Your children learn that in order to get love from their father (or mother, if she’s the alienator), they must agree with their constant complaints of their other parent. While the alienating parent is washing out the brain of the child’s good memories of the target parent, he is replacing them with negatives, including lies. It doesn’t take long for the child to believe these lies and misrepresented facts as the new truth. It’s their new reality.

That said, I’ve explained the basic premise of PA in an earlier post, but now I will try to explore the actual reasons for it. I use the father as an example here, but of course, mothers can play this game equally well.

Before I get into that I want to share a personal story:

Early in my separation, my ex and I had agreed on shared parenting.  One evening, I made a routine phone call to my children. It was a call I would normally make once a week to double check their return time (to my house etc). What happened was strange. My son was a little bit distant on the telephone. My daughter was even more so (she is two years older than my son who was 11 at the time).

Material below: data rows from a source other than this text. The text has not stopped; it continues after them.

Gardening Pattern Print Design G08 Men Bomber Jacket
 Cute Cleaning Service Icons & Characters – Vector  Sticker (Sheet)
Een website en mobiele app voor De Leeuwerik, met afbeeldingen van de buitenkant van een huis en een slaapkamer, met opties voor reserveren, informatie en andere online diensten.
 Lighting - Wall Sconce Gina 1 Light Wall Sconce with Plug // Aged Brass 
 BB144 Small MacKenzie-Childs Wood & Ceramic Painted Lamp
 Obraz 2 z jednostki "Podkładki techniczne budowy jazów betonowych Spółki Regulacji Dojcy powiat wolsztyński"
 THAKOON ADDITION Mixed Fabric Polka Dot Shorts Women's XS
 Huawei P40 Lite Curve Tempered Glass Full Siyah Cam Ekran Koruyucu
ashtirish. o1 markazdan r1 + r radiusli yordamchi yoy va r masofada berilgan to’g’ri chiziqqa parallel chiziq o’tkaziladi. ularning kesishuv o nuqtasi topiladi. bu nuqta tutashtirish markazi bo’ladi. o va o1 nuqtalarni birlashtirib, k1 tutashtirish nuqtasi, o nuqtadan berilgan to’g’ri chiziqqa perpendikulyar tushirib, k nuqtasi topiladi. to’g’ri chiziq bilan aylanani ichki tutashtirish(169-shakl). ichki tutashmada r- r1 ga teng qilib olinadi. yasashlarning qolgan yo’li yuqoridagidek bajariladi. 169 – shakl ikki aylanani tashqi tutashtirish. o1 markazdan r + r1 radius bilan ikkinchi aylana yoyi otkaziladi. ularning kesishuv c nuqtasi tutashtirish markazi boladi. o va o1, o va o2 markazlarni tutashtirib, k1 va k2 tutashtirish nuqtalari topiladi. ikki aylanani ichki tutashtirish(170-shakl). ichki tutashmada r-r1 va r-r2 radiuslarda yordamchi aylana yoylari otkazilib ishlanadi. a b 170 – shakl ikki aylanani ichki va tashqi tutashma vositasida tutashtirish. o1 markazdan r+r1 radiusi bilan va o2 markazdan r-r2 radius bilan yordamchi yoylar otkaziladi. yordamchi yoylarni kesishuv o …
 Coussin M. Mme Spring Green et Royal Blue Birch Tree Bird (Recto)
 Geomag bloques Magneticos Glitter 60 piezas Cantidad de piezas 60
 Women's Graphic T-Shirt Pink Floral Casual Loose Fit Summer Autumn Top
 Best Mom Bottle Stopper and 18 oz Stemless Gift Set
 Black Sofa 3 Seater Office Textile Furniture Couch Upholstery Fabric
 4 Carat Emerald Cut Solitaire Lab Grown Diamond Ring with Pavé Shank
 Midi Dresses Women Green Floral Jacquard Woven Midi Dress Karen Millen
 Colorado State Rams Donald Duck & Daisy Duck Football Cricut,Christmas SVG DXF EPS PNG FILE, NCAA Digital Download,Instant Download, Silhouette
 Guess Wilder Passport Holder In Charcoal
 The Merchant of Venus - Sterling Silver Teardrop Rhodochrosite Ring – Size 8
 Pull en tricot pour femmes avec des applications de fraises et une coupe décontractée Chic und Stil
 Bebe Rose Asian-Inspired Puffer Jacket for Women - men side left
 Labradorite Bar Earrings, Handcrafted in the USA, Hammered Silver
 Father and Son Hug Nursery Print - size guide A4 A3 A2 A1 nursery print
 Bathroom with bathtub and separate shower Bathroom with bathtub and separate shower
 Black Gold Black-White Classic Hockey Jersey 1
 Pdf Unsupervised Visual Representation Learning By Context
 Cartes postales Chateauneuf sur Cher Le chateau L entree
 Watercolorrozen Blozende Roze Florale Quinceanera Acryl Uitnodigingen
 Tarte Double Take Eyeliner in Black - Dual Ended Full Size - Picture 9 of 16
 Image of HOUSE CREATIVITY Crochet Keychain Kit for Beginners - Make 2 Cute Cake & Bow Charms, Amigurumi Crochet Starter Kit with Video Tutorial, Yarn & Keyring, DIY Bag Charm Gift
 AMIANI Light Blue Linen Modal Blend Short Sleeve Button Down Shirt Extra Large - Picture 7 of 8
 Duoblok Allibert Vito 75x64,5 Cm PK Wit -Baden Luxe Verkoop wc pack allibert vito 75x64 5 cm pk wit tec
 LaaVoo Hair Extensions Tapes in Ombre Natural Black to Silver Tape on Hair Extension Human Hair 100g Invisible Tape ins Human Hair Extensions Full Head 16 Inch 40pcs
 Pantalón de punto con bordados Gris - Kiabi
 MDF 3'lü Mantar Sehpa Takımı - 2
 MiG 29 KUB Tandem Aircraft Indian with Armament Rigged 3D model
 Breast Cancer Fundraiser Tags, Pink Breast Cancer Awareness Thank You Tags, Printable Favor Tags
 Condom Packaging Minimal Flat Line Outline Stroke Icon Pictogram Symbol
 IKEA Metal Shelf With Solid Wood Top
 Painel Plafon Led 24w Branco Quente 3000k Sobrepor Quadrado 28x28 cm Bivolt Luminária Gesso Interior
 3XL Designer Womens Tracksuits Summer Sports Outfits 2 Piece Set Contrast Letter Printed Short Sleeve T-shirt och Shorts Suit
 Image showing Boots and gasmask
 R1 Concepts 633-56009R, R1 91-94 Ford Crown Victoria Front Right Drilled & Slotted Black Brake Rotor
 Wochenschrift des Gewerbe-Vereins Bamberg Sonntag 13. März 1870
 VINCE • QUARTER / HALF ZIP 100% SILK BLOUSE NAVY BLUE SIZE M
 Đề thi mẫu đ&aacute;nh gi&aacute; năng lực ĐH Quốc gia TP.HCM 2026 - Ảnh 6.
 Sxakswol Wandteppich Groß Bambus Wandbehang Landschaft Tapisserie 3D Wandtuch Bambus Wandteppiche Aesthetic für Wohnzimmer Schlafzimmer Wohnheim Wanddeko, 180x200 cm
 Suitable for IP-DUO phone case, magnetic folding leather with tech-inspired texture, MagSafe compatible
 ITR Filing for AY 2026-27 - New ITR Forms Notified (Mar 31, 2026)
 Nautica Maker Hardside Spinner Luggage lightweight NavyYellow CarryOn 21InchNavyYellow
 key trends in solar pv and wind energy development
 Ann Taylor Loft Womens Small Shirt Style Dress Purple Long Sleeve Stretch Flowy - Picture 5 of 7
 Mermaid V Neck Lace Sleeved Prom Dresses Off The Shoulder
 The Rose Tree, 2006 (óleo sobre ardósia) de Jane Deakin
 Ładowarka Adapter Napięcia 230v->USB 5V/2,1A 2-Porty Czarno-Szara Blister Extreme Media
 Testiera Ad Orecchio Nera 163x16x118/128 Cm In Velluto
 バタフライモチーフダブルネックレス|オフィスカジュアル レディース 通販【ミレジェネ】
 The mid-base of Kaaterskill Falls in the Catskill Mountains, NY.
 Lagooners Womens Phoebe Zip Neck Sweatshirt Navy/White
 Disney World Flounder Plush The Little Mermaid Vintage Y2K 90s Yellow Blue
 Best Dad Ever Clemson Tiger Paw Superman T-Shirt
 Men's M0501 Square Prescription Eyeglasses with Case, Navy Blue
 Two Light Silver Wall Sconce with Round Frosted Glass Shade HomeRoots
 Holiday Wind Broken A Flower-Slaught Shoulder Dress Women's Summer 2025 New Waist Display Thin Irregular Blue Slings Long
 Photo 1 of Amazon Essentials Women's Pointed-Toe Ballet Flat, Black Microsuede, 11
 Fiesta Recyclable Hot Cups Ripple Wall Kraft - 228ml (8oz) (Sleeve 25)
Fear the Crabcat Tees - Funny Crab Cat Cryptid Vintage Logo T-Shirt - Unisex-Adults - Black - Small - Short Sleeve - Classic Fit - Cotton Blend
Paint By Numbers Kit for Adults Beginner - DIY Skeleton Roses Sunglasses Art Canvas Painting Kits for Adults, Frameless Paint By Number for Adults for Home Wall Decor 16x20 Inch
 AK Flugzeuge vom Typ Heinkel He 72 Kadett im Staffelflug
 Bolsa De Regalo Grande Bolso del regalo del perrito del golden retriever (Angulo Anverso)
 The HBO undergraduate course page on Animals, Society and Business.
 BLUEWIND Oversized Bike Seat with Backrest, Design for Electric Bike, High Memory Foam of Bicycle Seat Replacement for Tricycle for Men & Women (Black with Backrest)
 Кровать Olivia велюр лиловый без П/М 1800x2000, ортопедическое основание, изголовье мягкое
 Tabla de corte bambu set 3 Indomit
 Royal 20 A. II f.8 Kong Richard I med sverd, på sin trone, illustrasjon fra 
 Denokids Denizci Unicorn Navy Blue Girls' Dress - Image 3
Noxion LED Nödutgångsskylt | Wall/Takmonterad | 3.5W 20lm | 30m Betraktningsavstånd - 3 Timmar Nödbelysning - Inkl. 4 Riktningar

In any event, the call would be ominous.

They were due to return to my house in a few days but my son asked if it was okay to stay with his dad because dad wanted to take them on a ski trip. These requests for them to stay with their dad longer than the shared parenting schedule we had set was becoming annoyingly typical.

I said no, I’m really sorry but I’m really looking forward to seeing you and I don’t want to change plans at the last minute. It’s really important to me that you and your sister come to my house on the scheduled time. “ I finished with something like “Maybe your dad can take you on the next weekend, during your time with him?” I was playing the bad guy, yet again in not allowing them to stay with their dad for whatever special event he had planned for them. If I agreed to everything though, I wouldn’t see my kids at all.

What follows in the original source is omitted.